Banyak dari konsep dan terma simbolik yang dipergunakan Athar dalam Mantiq al-Thair terinsipirasi dari karya-karya Suhrawardi. Penggunaan burung sebagai simbol dalam cerita Athar, termasuk Simorgh, untuk pertama kalinya dipergunakan secara luas dalam karya Sheikh Isyraq. Meskipun demikian, Suhrawardi bukan yang pertama menggunakan simbol-simbol itu. Sebab sebelumnya, Ibnu Sina dan Ghazali juga menggunakannya.
Penggunaan terma simbolis seperti burung dalam bentuk cerita dan penokohan dalam narasi sangat membantu pembaca untuk memahami kandungan dari pembahasan yang disampaikan Athar.
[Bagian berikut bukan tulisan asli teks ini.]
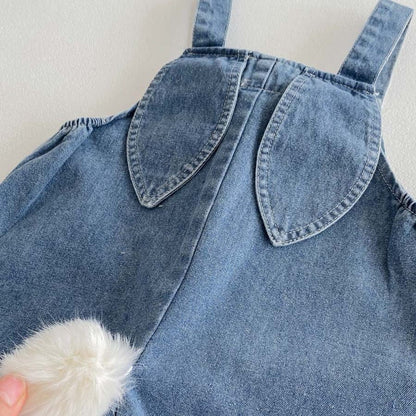 ノースリーブセットアップ レインボータンクトップ+うさ耳しっぽデニムオーバーオールセットアップ 2点セット【mh0010332】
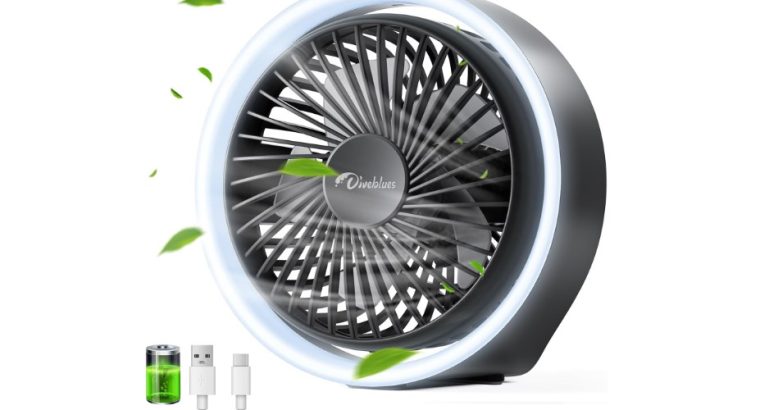 Ventilateur Portable Rechargeable de la marque Diveblues ,Grande Puissance & Silencieux !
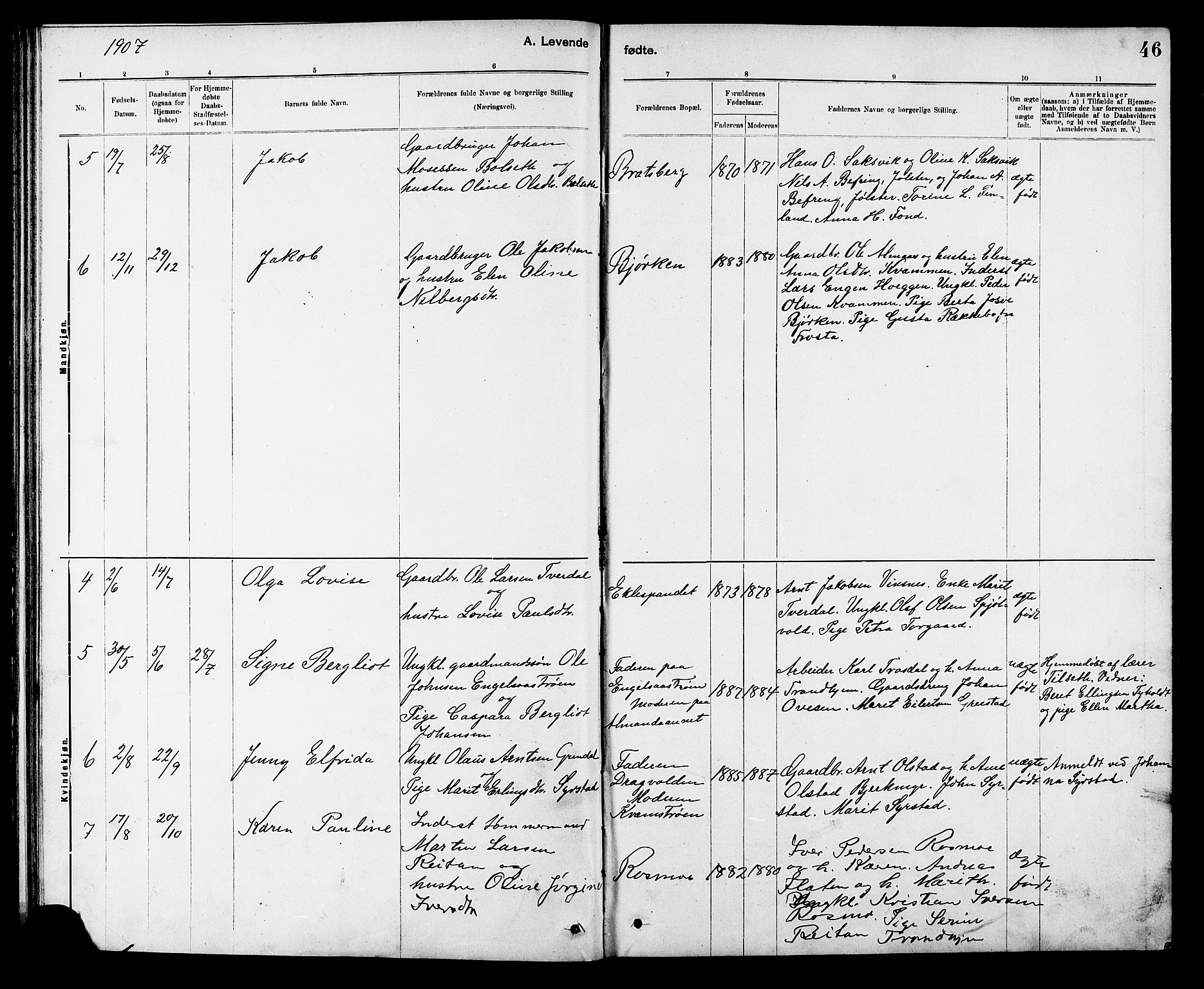 Ministerialprotokoller, klokkerbøker og fødselsregistre - Sør-Trøndelag, SAT/A-1456/608/L0341: Klokkerbok nr. 608C07, 1890-1912, s. 46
Inilah salah satu faktor yang menyebabkan karyanya begitu diapreasiasi banyak kalangan.
Pengaruh besar karya Suhrawardi terhadap Rumi tampak jelas dalam kisah pertama Matsnavi-e Maknavi, Nay Nameh tentang kerinduangan seruling terhadap rumpun bambunya. Jeritan kepiluan seruling dari perpisahan dengan rumpun bambunya merupakan terma simbolis yang dipergunakan Maulavi untuk menjelaskan tentang penderitaan manusia berpisah dari asalnya. Nay Nameh Maulavi sangat dipengaruhi kisah Ghorbah Gharbiyah Suhrawardi.
Meskipun Maulavi banyak dipengaruhi oleh Suhrawardi, tapi tamsil yang dipergunakan keduanya tidak sama. Sebab Suhrawadi dan Maulavi memakai metode tamsil yang berbeda. Maulavi menggunakan tamsil biasa, dan seluruhnya dipergunakan untuk menjelaskan kandungan makna pemikirannya. Tapi Suhrawardi sebaliknya, setiap kalimat dan bagian dari tamsilnya menunjukkan sebuah simbol terhadap sesuatu yang khas.
Sebagian kalangan lain yang dipengaruhi oleh Suhrawardi adalah para Sufi, sastrawan dan penyair, yang memanfaatkan pemikiran dan metafora irfaninya yang sangat indah. Hafez banyak dipengaruhi oleh metafor-metafor irfani yang disampaikan Suhrawardi. Pemikiran Suhrawardi mengenai filsafat penciptaan dan manifestasi cinta menjadi perhatian para penyair semacam Hafez.